Running the application
Open a terminal in the project folder and run:
python backend.py
The window opens immediately. Select the COM port of your ESP32 in the dropdown,
click Connect, set a time and days, and press Send Alarm.
The ESP32 will confirm with OK_ALARM in the status bar.
What the ESP32 does
The Arduino sketch runs a continuous loop that does four things simultaneously: reads serial commands from Qt, checks if it is alarm time by comparing the RTC with the stored alarm, drives the buzzer and LED when the alarm is active, and sends the current time to Qt every second.
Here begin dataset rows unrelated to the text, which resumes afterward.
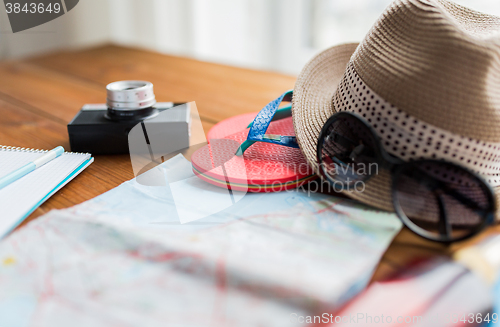 Image of close up of travel map, flip-flops, hat and camera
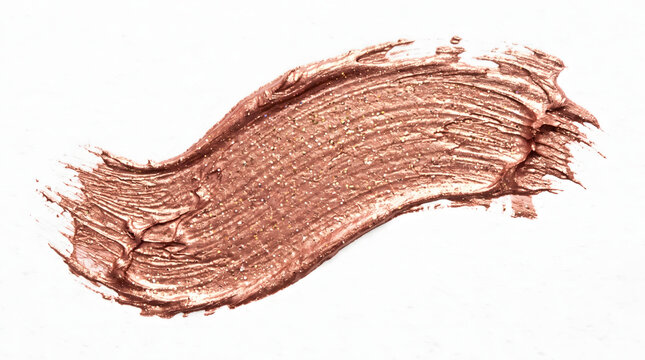A luxurious shimmering rose gold metallic makeup swatch isolated on a clean white background showcasing a beautiful textured brushstroke perfect for beauty product advertisements cosmetic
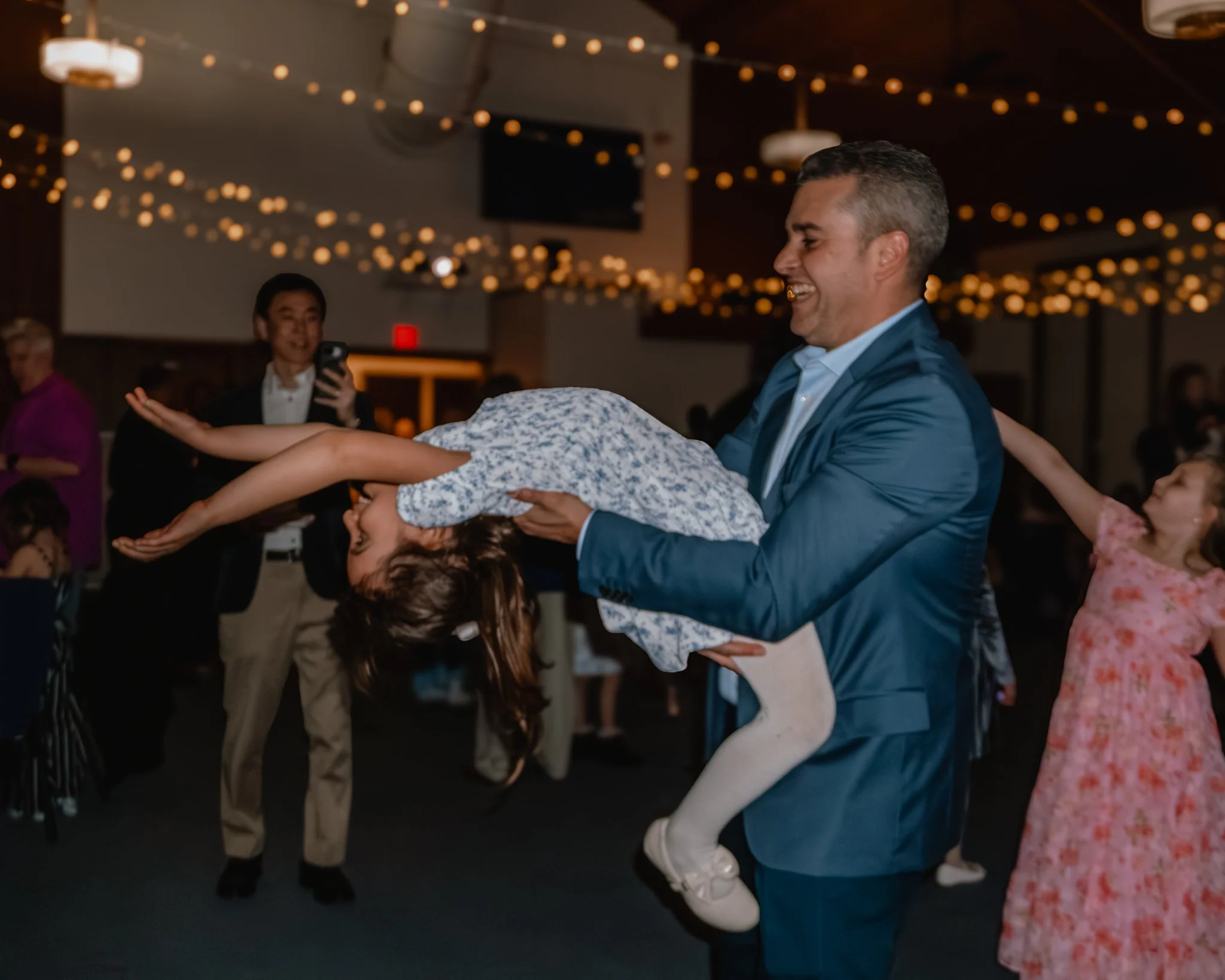 Father spinning his daughter on the dance floor during the Daddy Daughter Dance at Abundant Life Church in Wilmington MA.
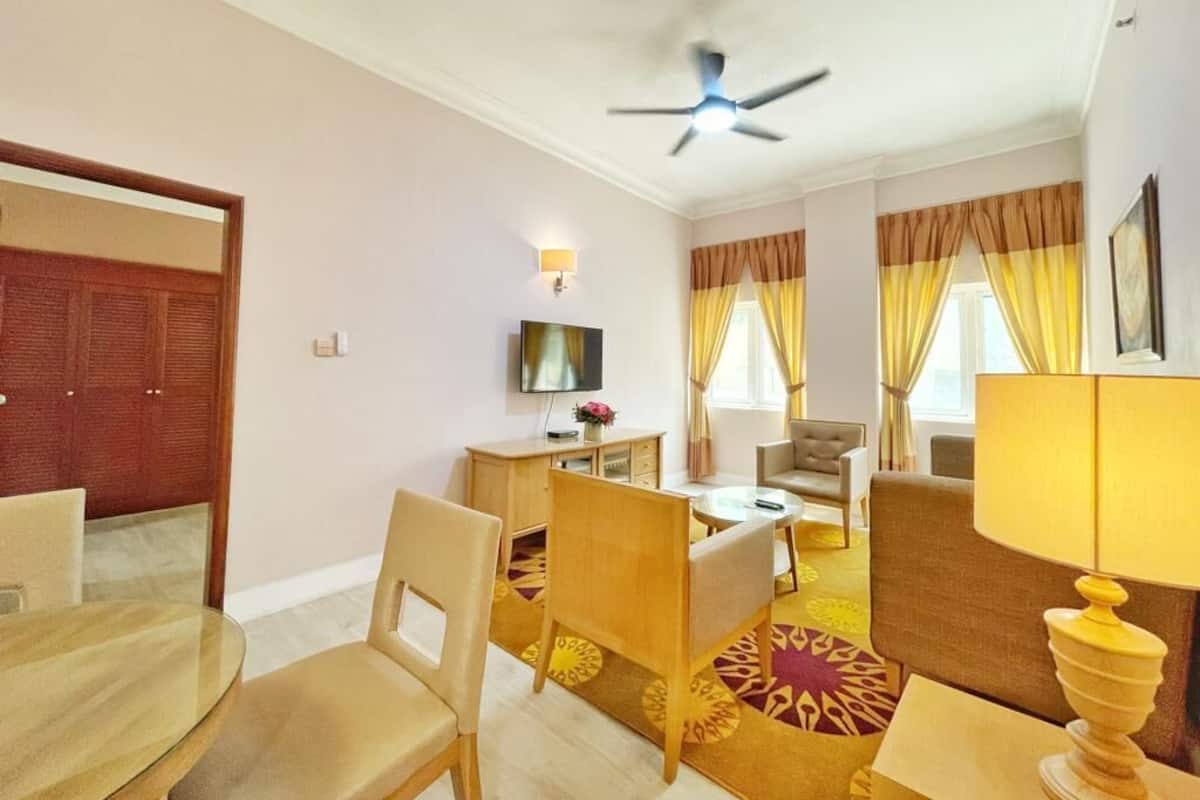 Une chambre d’hôtel équipée d’un coin repas, d’une télévision et d’un ventilateur de plafond.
Required Arduino libraries
Install all of these from Arduino IDE → Sketch → Include Library → Manage Libraries:
| Library | What it does |
|---|---|
| RTClib by Adafruit | Communicates with the DS3231 real-time clock |
| Adafruit SH110X | Drives the SH1106 OLED display |
| Adafruit GFX Library | Required by SH110X for drawing text and shapes |
| ESP32Servo | Controls the servo motor on ESP32 (replaces the standard Servo library) |
First time setup — syncing the RTC
The DS3231 keeps time even without power, but the first time you use it you need
to set the correct time. In the sketch find this line and uncomment it
(remove the //):
// rtc.adjust(DateTime(F(__DATE__), F(__TIME__)));
Upload the sketch once with this line active. The RTC will be set to your computer's clock at compile time. Then comment it back out and upload again — otherwise the time resets every time the board restarts.
How the alarm logic works
Every second the sketch reads the RTC and compares the current hour and minute with
the stored alarm values. It also checks the day of the week against the
diasActivos[] array that was set by the SET_ALARM command.
If all three match (hour, minute, and day) and the alarm has not already fired this
minute, it calls activarAlarma() which sends ALARM_ON to Qt
and starts the buzzer and LED blink cycle.
When the user confirms (either from the Qt button or the physical PCB button),
confirmarToma() turns everything off, rotates the servo 90° for 2 seconds
to open the pill compartment, then closes it and sends ALARM_OFF back to Qt.
Wire.begin(SDA, SCL)
call at the top of setup().
Final result
The complete system: Qt interface on the PC communicating with the ESP32 in real time. The OLED and the Qt clock display show the same time, both synchronized from the RTC.
Interface
The final interface has four sections: the real-time clock pulled from the RTC, the alarm configurator with time and day selection, the state card that changes color when the alarm fires, and the serial connection controls.
Physical hardware
Reflections
The biggest challenge was understanding how Qt's threading model works. The serial port runs in a background thread, but Qt only allows the main thread to touch the interface. The solution was a Bridge object with a pyqtSignal that safely passes messages from the serial thread to the main thread — a pattern that is common in Qt applications but not obvious at first.
Another learning was that regenerating frontend.py with
pyuic6 overwrites any manual edits, so all styling logic lives in
backend.py using setStyleSheet(). This keeps the workflow
clean: design in Qt Designer, logic in Python.